Kollege Hösele hat im Wesentlichen über die Stellung des Bundesrates gesprochen; das ist nicht meine Absicht, denn diese Novelle ist nicht das Ergebnis eines Nach­denkprozesses über die Stellung und die Zukunft unserer Kammer, sondern lediglich ein Reagieren auf ganz konkrete politische Vorfälle. Ich kann nicht über diese Verfas­sungsänderung sprechen, ohne auch heute entscheidend auf den Anlass und die Vor­geschichte hiezu einzugehen. Und damit muss ich über zwei Mitglieder dieses Hauses sprechen – und nicht nur über jenes eine, das von dieser Verfassungsänderung betroffen ist. (Vizepräsident Weiss übernimmt den Vorsitz.)

Bundesrat Gudenus, der es – aus welchen Gründen immer – vorgezogen hat, hier heute nicht zu erscheinen, hat zwar nicht im Bundesrat, aber in aller Öffentlichkeit die Existenz von Gaskammern als Mittel der nationalsozialistischen Massenvernichtung in Zweifel gezogen. Und er hat dann noch die dümmliche Bemerkung hinzugefügt, Gas­kammern hätten „nicht im Dritten Reich“ existiert, sondern „nur in Polen“. – Das ist erstens schlichtweg falsch und ignoriert zweitens die unleugbare Tatsache, dass jene Gaskammern, die tatsächlich auf dem Gebiet des heutigen Polen in Betrieb waren, dort von den Vertretern eben jenes Dritten Reiches hingebaut wurden.

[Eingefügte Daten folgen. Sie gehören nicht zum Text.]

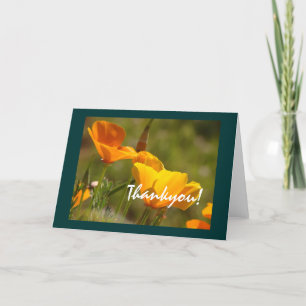 California Poppies Bedankt! Kaart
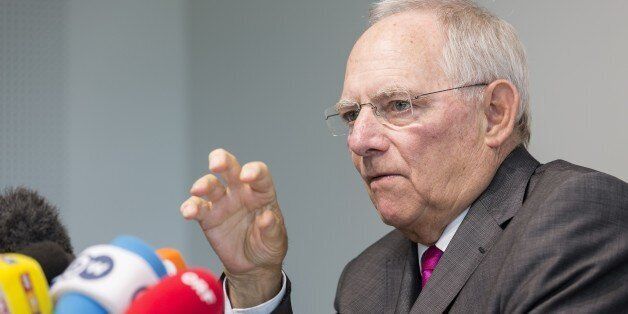 German Finance Minister Wolfgang Schaeuble talks to the media on June 19, 2015, during an EcoFin Ministers meeting in the EU Council headquarter in Luxembourg. AFP PHOTO / THIERRY MONASSE (Photo credit should read THIERRY MONASSE/AFP/Getty Images)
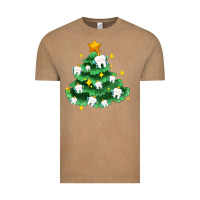 Vintage Coffee Christmas tree with teeth Vintage Tee - AdoDesignShop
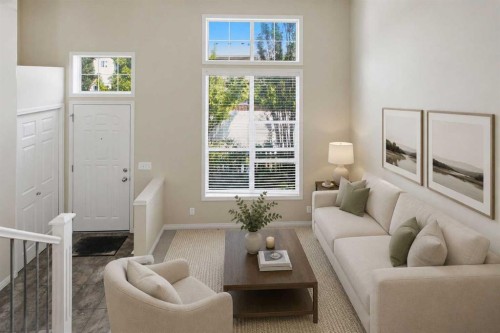 3032 New Brighton Gardens Se, Calgary, AB - Indoor Photo Showing Living Room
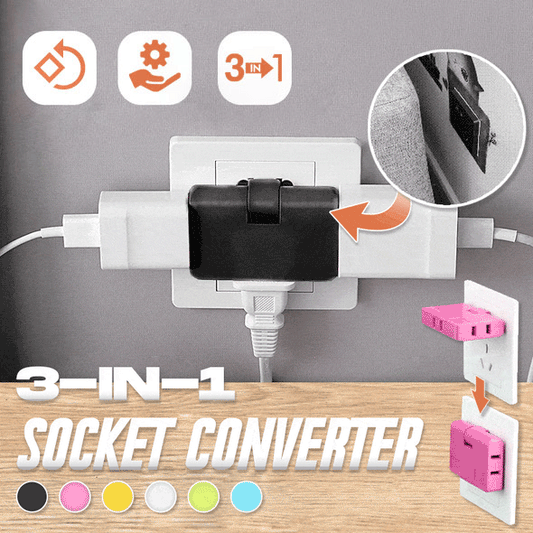 🔥2024-180 Degrees Rotatable Socket Converter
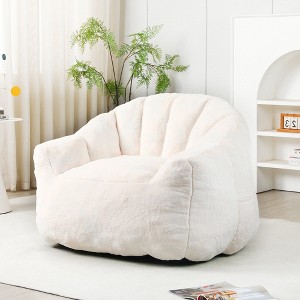 Hrinhom 41.4" W Bean Bag Chair, Comfy Lazy Floor Sofa Chair For Adults and Kids - 1 of 4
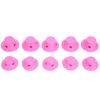 Hair Rollers No Heat Rubber Pink No Clip Hair Curlers Styling Waving Hairstyle Tool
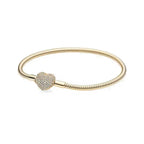 Real 925 Sterling Silver 17-20CM Snowflake Dreamcatcher Star Original Bracelet Fit For Wedding Fine Jewelry DIY Making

Bundesrat Kampl hat Deserteure aus der Wehrmacht des nationalsozialistischen Deutschland als „teilweise Kameraden-Mörder“ diffamiert und von einer „brutalen Nazi­verfolgung“ nach 1945 gesprochen, und er hat das mit seinem persönlichen Schicksal verknüpft. So wie Gudenus hat auch Bundesrat Kampl in der Öffentlichkeit danach deutlich gemacht, wie sehr er – allenfalls mit kleinen sprachlichen Korrekturen – zum Inhalt dieser Äußerungen steht.

In diesem Zusammenhang hat mir Bundesrat Kampl eine sehr unwillkommene Ehre angetan, indem er mich zum Zeugen für seine Haltung aufgerufen hat, hätte doch ich selbst dazu aufgefordert, so Bundesrat Kampl, die so unterschiedlichen und leidvollen Schicksale einmal auszusprechen. – Ja, dazu habe ich tatsächlich aufgefordert, aber es ist der Schmerz, der ausgesprochen werden muss, um überwunden zu werden –nicht aber der Hass, der auch noch falsche Schuldzuweisungen mit transportiert! (Bei­fall bei der SPÖ und den Grünen.)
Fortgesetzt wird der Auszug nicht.